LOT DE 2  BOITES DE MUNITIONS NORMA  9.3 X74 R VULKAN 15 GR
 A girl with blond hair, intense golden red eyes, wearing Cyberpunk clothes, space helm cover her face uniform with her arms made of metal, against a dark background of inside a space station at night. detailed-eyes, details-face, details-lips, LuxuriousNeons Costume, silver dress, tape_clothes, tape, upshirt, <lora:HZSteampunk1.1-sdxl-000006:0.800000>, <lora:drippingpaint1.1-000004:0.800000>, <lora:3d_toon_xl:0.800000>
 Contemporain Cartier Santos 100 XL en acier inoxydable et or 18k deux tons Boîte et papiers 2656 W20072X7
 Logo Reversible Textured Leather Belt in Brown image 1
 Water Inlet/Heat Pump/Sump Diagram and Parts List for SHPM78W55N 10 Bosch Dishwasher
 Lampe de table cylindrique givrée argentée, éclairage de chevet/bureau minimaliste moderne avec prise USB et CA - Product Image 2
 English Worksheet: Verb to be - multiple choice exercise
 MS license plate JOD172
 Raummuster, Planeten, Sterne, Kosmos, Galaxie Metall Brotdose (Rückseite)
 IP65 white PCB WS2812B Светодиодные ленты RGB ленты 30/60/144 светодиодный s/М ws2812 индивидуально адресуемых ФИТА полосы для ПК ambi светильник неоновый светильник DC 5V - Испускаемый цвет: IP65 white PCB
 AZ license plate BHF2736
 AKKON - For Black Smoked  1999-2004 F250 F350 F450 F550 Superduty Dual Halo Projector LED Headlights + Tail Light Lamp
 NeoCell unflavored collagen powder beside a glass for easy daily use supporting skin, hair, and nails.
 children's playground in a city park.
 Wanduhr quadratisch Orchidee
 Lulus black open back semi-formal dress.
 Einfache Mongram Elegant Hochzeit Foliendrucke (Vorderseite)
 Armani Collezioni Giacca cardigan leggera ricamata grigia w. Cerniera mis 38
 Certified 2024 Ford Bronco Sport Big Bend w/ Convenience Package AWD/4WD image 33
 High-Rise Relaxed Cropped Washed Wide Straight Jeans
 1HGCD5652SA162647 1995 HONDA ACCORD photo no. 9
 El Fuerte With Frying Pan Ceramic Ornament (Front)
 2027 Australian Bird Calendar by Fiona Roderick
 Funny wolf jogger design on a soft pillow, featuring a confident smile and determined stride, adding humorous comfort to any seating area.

TO DO
Each line of the listing must appear in the answer exactly as above.

SOLUTION FOR THIS EXERCISE
LOT DE 2  BOITES DE MUNITIONS NORMA  9.3 X74 R VULKAN 15 GR
 A girl with blond hair, intense golden red eyes, wearing Cyberpunk clothes, space helm cover her face uniform with her arms made of metal, against a dark background of inside a space station at night. detailed-eyes, details-face, details-lips, LuxuriousNeons Costume, silver dress, tape_clothes, tape, upshirt, <lora:HZSteampunk1.1-sdxl-000006:0.800000>, <lora:drippingpaint1.1-000004:0.800000>, <lora:3d_toon_xl:0.800000>
 Contemporain Cartier Santos 100 XL en acier inoxydable et or 18k deux tons Boîte et papiers 2656 W20072X7
 Logo Reversible Textured Leather Belt in Brown image 1
 Water Inlet/Heat Pump/Sump Diagram and Parts List for SHPM78W55N 10 Bosch Dishwasher
 Lampe de table cylindrique givrée argentée, éclairage de chevet/bureau minimaliste moderne avec prise USB et CA - Product Image 2
 English Worksheet: Verb to be - multiple choice exercise
 MS license plate JOD172
 Raummuster, Planeten, Sterne, Kosmos, Galaxie Metall Brotdose (Rückseite)
 IP65 white PCB WS2812B Светодиодные ленты RGB ленты 30/60/144 светодиодный s/М ws2812 индивидуально адресуемых ФИТА полосы для ПК ambi светильник неоновый светильник DC 5V - Испускаемый цвет: IP65 white PCB
 AZ license plate BHF2736
 AKKON - For Black Smoked  1999-2004 F250 F350 F450 F550 Superduty Dual Halo Projector LED Headlights + Tail Light Lamp
 NeoCell unflavored collagen powder beside a glass for easy daily use supporting skin, hair, and nails.
 children's playground in a city park.
 Wanduhr quadratisch Orchidee
 Lulus black open back semi-formal dress.
 Einfache Mongram Elegant Hochzeit Foliendrucke (Vorderseite)
 Armani Collezioni Giacca cardigan leggera ricamata grigia w. Cerniera mis 38
 Certified 2024 Ford Bronco Sport Big Bend w/ Convenience Package AWD/4WD image 33
 High-Rise Relaxed Cropped Washed Wide Straight Jeans
 1HGCD5652SA162647 1995 HONDA ACCORD photo no. 9
 El Fuerte With Frying Pan Ceramic Ornament (Front)
 2027 Australian Bird Calendar by Fiona Roderick
 Funny wolf jogger design on a soft pillow, featuring a confident smile and determined stride, adding humorous comfort to any seating area.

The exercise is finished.